The churning music seems to itself reflect psychological furor—there’s volatility, encapsulated by the shifts throughout Diorama from heavier moments to something less intense, but self-assuredness also covers the trek. Instead of feeling oppressive or threatening, Diorama sounds confident—even if blisteringly so. 

Hansen feels as though his “subconsciousness” tends to guide the songwriting.  

“Creating and writing music is for me something that happens in the moment or simply emerges out of playing my instrument,” he says. “So, I’m not trying to elicit any specific sort of emotions or be like, ‘I’m angry now, so I want to write angry music.’ I think that when I write music, it’s probably much more about letting my subconsciousness speak to me and kind of guide what happens on the guitar. But I guess I always kind of gravitate towards a sense of melancholy when composing.” 
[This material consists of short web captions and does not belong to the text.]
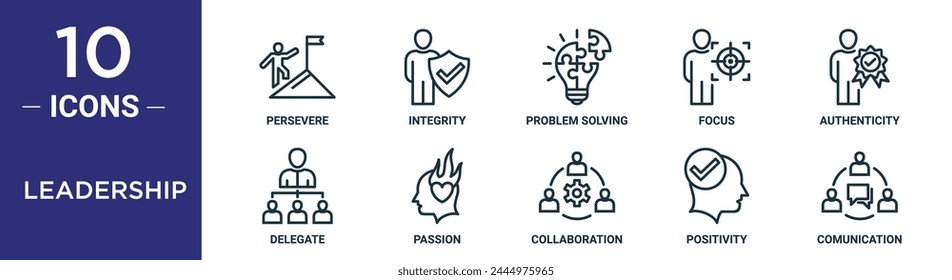 el conjunto de íconos de esquema de liderazgo incluye línea delgada perseverar, integridad, resolución de problemas, enfoque, autenticidad, delegado, iconos de pasión para el informe, presentación, diagrama, Diseño web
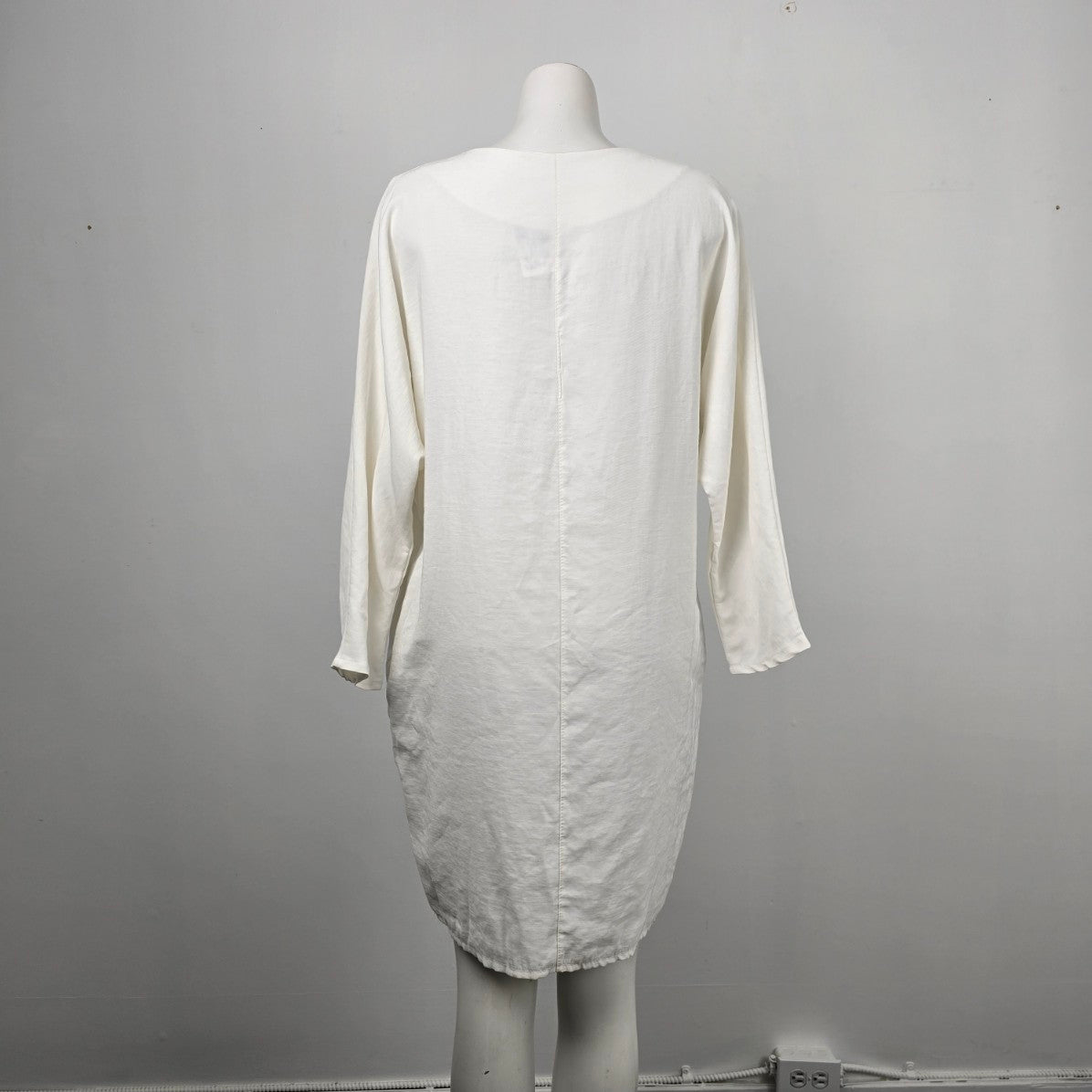 Oak + Fort White Long Sleeve Dress Size L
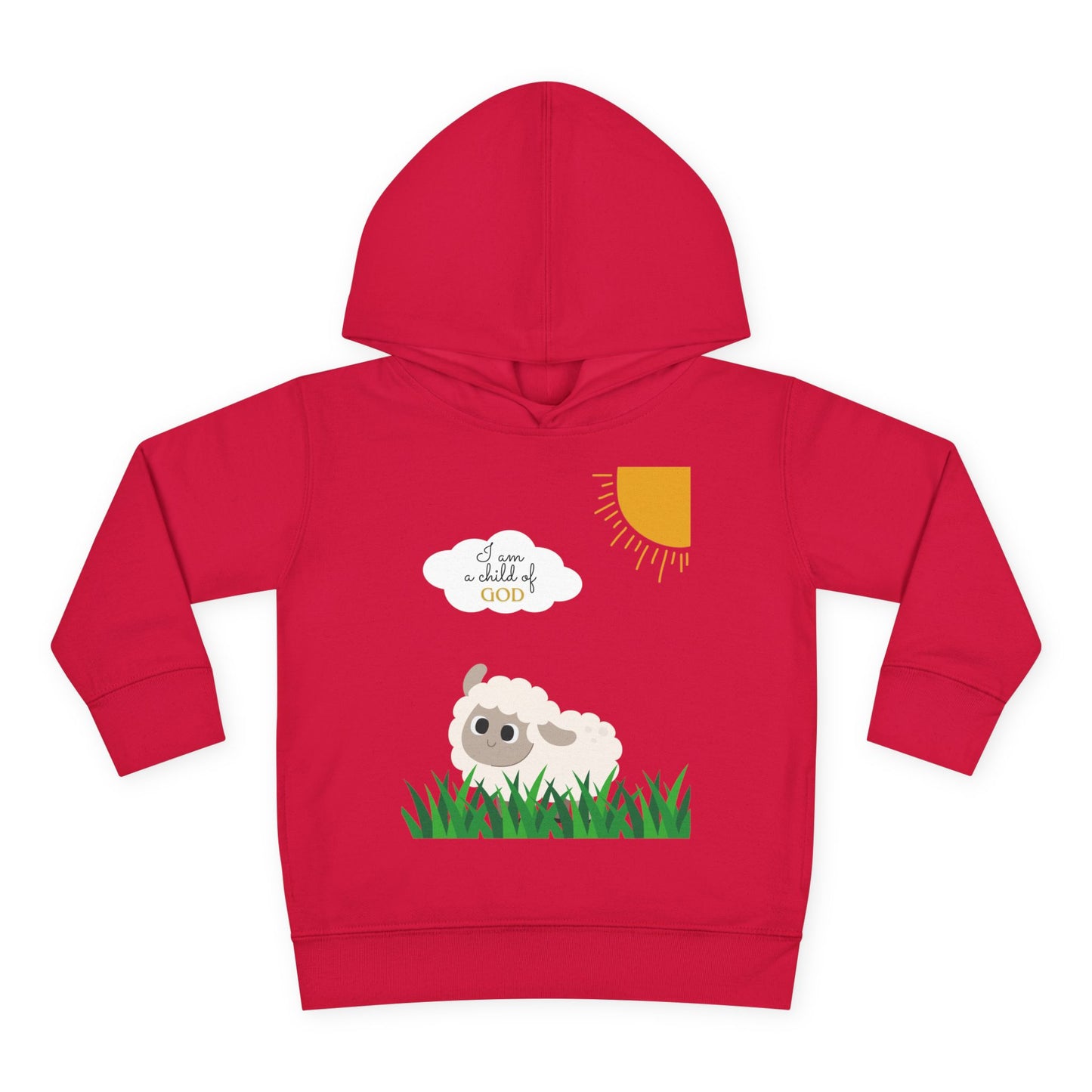 I am a child of God- Toddler Pullover Fleece Hoodie (adorable sheep)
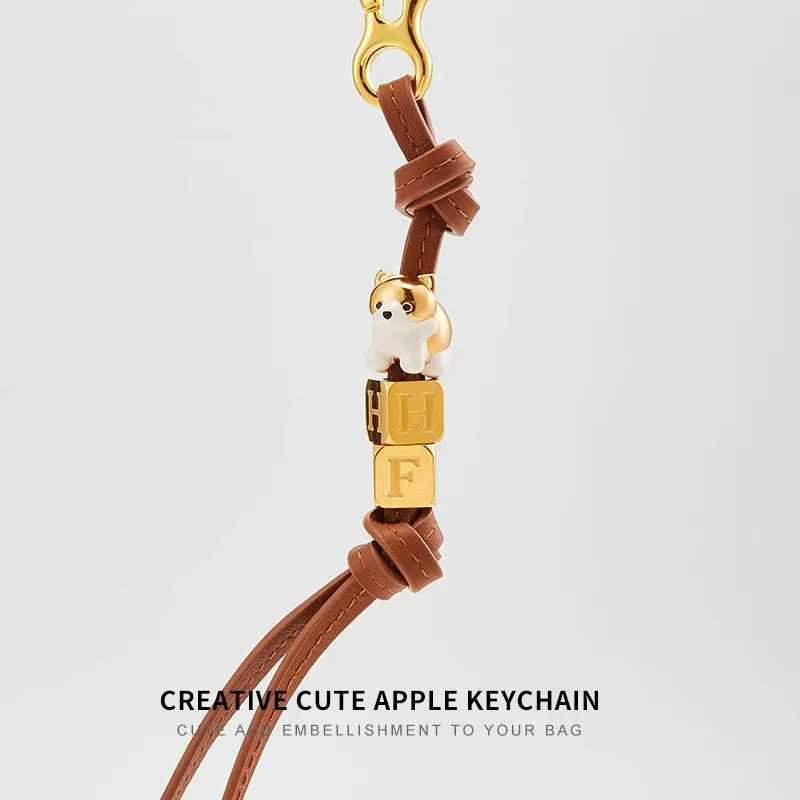 Luxurious Cowhide Bag Charm Handmade Rope Bag Charm Flower Leather Pendant Cute Car KeyChain DIY Decorative Charm Bag Accessories28 D250926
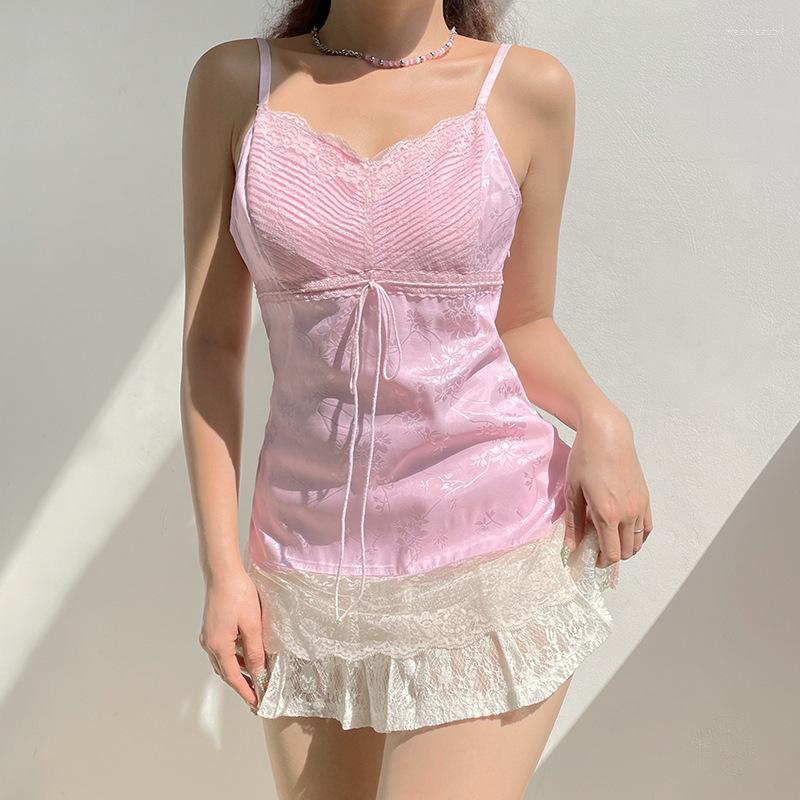 Women' Tanks 2022 Fashion Floral Print Lace Patchwork Pink Camisole Women Sleeveless V Neck Tie Up TanK Top Summer Girl Sexy Casual Tops
Women' Tanks 2022 Fashion Floral Print Lace Patchwork Pink Camisole Women Sleeveless V Neck Tie Up TanK Top Summer Girl Sexy Casual Tops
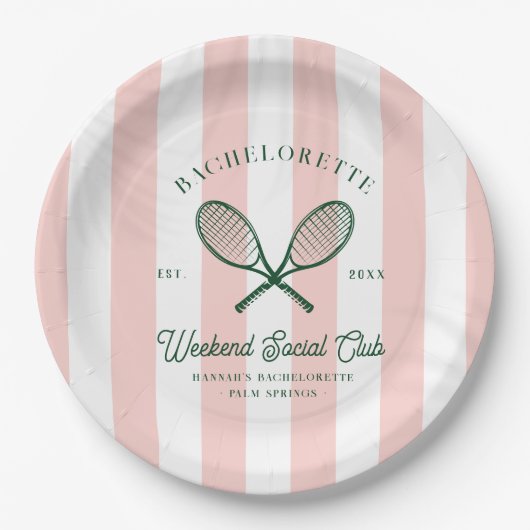 Tennis Country Club | vrijgezellen Papieren Bordje (Voorkant)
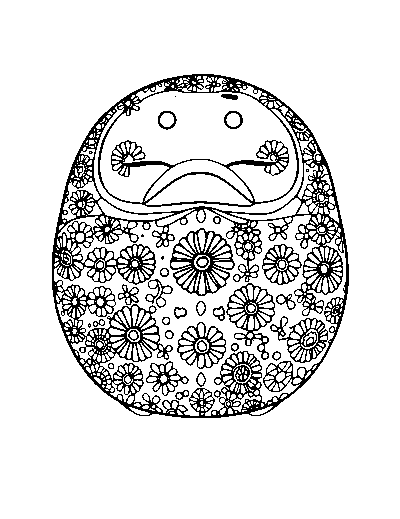 Patterned Japanese Daruma Doll
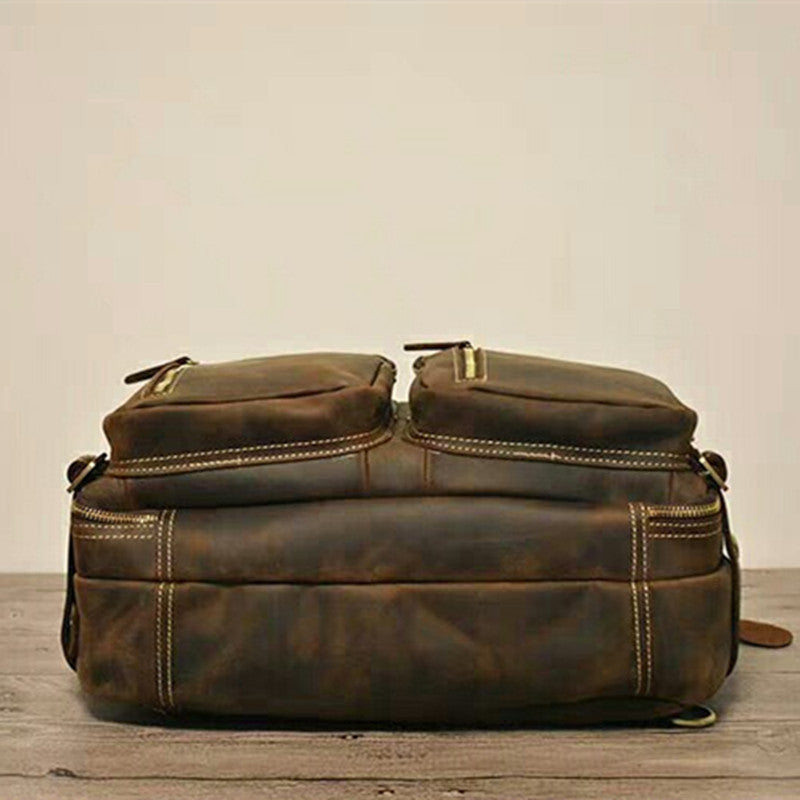 Sac Messenger Noir en Cuir Véritable pour Homme, à Bandoulière Unique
MØL implement an at times staggering level of “brutality” across Diorama, which proves invitingly lush but utterly pummeling. The album combines comfort— hints of it, anyway— with fiery abrasion, like settling into a sense of security, and maybe even peace, while standing against destructive onslaughts. The poignant immediacy of the music ties its experience to real-world themes, as if adding a level of cinematic drama to efforts to preserve well-being, which leads into a sense of adventure as the energy stays up. 

“It’s something that I spend less and less time thinking about the more that I do it,” Hansen shares, discussing the contrast between heaviness and gentility as contained within Diorama“It’s something that tends to flow more naturally for me the more experience I’ve accumulated writing this sort of music. I try to be mindful of dynamics in the music and not let it be loud and aggressive when it doesn’t need to be. Likewise, I try to be aware that the music is not always atmospheric and bathed in reverb and delay. It makes the moments when it actually becomes atmospheric much more memorable.” 

Hansen indicates that MØL have enjoyed the opportunity to bring their music outside of Denmark.  

“I don’t think we feel particularly plugged into a blackgaze community, or at least not in Denmark,” the guitarist says. “I think we’re one of the only bands doing what we’re doing in Denmark. There are other bands and artists in Scandinavia doing something akin to us, like Sylvaine, SIBIIR, or Spurv. These at least are all bands and artists that I’m really into. Other obvious choices would be bands like Alcest, Lantlôs, Les Discrets, and so on.” 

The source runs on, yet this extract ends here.